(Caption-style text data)
==============================
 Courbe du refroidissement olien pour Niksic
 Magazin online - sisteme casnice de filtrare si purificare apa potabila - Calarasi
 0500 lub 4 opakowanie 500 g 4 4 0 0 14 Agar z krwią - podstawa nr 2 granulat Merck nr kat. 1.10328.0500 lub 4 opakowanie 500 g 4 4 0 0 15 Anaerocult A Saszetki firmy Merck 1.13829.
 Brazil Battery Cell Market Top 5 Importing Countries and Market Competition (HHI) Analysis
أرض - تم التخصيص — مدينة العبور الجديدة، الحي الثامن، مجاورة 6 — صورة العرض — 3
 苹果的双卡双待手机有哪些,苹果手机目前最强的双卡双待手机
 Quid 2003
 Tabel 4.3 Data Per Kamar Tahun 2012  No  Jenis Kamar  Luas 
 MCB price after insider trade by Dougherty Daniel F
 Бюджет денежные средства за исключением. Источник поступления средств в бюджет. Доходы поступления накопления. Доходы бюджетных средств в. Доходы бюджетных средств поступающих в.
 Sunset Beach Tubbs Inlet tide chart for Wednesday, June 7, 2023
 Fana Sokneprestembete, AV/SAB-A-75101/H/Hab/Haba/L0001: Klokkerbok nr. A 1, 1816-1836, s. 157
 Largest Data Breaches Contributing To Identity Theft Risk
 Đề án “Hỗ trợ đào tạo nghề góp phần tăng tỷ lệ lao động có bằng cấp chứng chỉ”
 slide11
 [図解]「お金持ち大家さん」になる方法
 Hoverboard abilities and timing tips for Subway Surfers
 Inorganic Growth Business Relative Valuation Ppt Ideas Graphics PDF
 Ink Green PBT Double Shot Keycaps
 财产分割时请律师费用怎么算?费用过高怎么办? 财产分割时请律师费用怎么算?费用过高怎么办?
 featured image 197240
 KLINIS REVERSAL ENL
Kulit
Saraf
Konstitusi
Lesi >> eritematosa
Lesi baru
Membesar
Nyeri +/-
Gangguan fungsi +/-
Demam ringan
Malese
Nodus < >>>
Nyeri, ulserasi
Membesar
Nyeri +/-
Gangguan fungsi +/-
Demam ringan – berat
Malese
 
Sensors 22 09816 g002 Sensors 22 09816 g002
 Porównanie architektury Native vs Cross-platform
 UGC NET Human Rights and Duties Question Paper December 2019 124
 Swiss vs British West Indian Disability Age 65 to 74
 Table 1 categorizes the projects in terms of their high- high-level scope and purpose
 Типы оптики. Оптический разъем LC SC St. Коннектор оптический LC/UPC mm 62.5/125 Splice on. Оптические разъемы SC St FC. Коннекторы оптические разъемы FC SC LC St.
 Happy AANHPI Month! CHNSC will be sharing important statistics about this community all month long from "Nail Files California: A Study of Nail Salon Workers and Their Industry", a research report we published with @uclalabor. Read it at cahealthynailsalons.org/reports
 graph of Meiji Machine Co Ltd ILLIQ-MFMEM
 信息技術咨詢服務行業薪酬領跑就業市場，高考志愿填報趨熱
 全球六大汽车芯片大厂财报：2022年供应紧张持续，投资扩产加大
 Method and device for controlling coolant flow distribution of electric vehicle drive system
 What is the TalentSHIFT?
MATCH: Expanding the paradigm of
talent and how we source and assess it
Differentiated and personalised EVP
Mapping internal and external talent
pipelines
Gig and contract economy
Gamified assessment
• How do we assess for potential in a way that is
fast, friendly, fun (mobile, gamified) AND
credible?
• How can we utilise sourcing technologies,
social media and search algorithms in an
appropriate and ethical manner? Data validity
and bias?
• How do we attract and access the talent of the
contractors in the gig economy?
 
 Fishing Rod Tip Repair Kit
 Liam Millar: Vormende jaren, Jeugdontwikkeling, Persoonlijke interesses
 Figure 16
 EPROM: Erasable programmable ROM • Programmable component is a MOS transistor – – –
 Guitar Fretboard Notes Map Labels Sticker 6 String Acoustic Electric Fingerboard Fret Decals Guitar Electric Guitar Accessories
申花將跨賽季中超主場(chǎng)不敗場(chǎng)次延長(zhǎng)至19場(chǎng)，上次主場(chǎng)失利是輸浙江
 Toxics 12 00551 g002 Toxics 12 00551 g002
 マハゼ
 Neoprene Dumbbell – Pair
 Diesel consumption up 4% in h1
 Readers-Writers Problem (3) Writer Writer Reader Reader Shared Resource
==============================
[YOUR ASSIGNMENT]
Quote exactly the stretch of lines above that starts at the first one and ends at the line with "Magazin online - sisteme", and nothing beyond it.

[OUTPUT FOR THIS EXERCISE]
 Courbe du refroidissement olien pour Niksic
 Magazin online - sisteme casnice de filtrare si purificare apa potabila - Calarasi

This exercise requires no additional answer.